Bir gariptir bizim mahalle. Ellisini aştım henüz hiçbir şey anlayamadım ondan. Mesela bazen hem çoğuz hem de yokuz. Bazen çoğuz ama hepten boşuz. Bazen de yokuz ama çoğuz.
Yani bir varız bir yokuz. Yani hem varız hem de yokuz. Nasıl olur demeyin ben de anlamıyorum. Mesela genellikle açız ama karnı tokuz. Bazen de gözü tokluk yakıştırılır bize. Yoksulluk ise kaderdir bize. Aç kabadayılığımız da çokça vardır. Mesela göbeği şişler dolaşır etrafta, karnı taş bağlanmışlar ağlaşır mahzenlerde.
Anlamadım dedim ya. Hakeza çok merdiz çok cesur. Ama dipçik kimde ise gönlümüz ona düşer. Çok merhametliyizdir ama güçsüz bulduk mu dağıttığı kurban etine benzetiriz adamı. Çok medeni giyiniriz ama tamtamlar eşliğinde can alırız sokaklarda.
Dedim ya bizim mahalle sessiz bu ara. Haksız mıyım? Ya çok gürültü patırtı olur ya da ölüm sessizliğine bürünür. İki durum da ölümcül derecede vahim. Zira bizim mahallenin havası şehrin havasını da belirler. Babamdan; dedemden naklettiklerinden ve yaşadıklarımdan biliyorum; 100 yıldır başımızdan dumanlar eksik olmadı. Dolayısıyla şehrimizin havası da hep dumanlı oldu.
Her ne kadar kanun kaideler var ise de esasen şehrin valisi çok belirleyici. Mahalleye gecekondu havası tamamen hâkim. Şehrin üçte biri büyüklüğünde ve çok verimli bir konumda. Üstünde ve altında dünyanın en önemli iki nehri akmakta. Dili farklı olunca valilik ile iyi anlaşamamakta. Dedim ya ben hiç anlamadım. Zinhar dilini konuşturmayan vali de oldu; konuş ama ben duymamayım diyen de oldu; konuş ama sen bensin diyen de… Biz bin yıldır burada beraber yaşıyoruz büyük büyük dedelerimizde böyle bir ayırım yoktu aslında.

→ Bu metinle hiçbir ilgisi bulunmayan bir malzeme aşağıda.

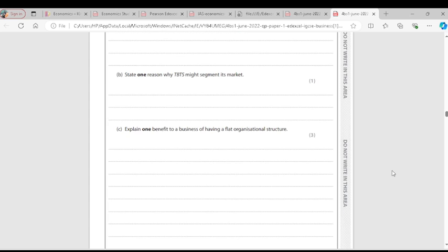Question 2B: State one reason why TBTS might segment its market. Market segmentation means separating the market into different categories based on different characteristics — by age, income, or religion. TBTS might segment its market according to age, as it allows them to produce different toys for different age categories, for example from one to three years, or four to seven years.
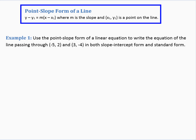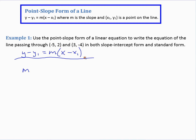Point-slope form is y minus y sub 1 equals m times the quantity x minus x sub 1. x sub 1 and y sub 1 are the x and y values of a point that the line goes through. Here we'll use point-slope form to write the equation of a line passing through the points negative 5, 2 and 3, negative 4 in both slope-intercept form and standard form. First we need to find the slope using slope equals y sub 2 minus y sub 1 over x sub 2 minus x sub 1.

Buna sebep yakın ve uzak diyarlardan kimi eskimeyen eski hasımlar mahalleden adamlar devşirip hem mahallenin hem de şehrin göğsüne salmakta. Haklı söylemini hasmın hırsına kurban etmekte. Yani hısmımız hasmımızla iş tutmakta. Şehrin idaresi de ikisinin ekmeğine yağ sürmekte. Dedelerin hatırı da hatırası da mirası da çarçur edilmekte. Ayrımız gayrımız yokmuş; dilimiz, dinimiz, örfümüz, kültürümüz zenginliğimizmiş. Şimdi ise talep eden de edilen de tutumuyla kadim düşmanların işini kolaylaştırıyor.

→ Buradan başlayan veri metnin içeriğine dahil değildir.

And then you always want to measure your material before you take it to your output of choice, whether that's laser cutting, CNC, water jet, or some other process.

Gah mahalle kollukla dolar, gah kendi haline bırakılır ve kabadayının kanunu işler. Kolluk çoğu zaman mahallenin “sakinlerini” incitmiştir. Kimi zaman kabadayı ile uğraşırken mahallelinin haklarını ihlal etmiştir. Bu da kabadayıya taraftar kazandırmıştır. Dedim ya anlayamadım çok mu zor sap ile samanı ayırmak. Kardeşliğe adanmak; dedelerin yoluna varmak…
Yine bir seçim öncesi mahallemiz can sıkıcı bir sessizliğe bürünmüş. Sokak sessiz, mahalle sessiz. Herkes sessiz yürüyor, sessiz konuşuyor. Zira sapla samanın karışabileceği puslu bir zaman. Sükûnet sağlanmış belki ama suhulete giden yol çok uzak gayrı.
Gerçi en keyifli zamanlardır seçim zamanları ama diğer mahallelerin oyunu bizim oyumuzdan evla görüyor “makam”. Mahallenin dayısı da bize en yakın olanı en düşman belliyor düşmana yaranma adına.
Yani ben yine hiçbir şey anlamadım.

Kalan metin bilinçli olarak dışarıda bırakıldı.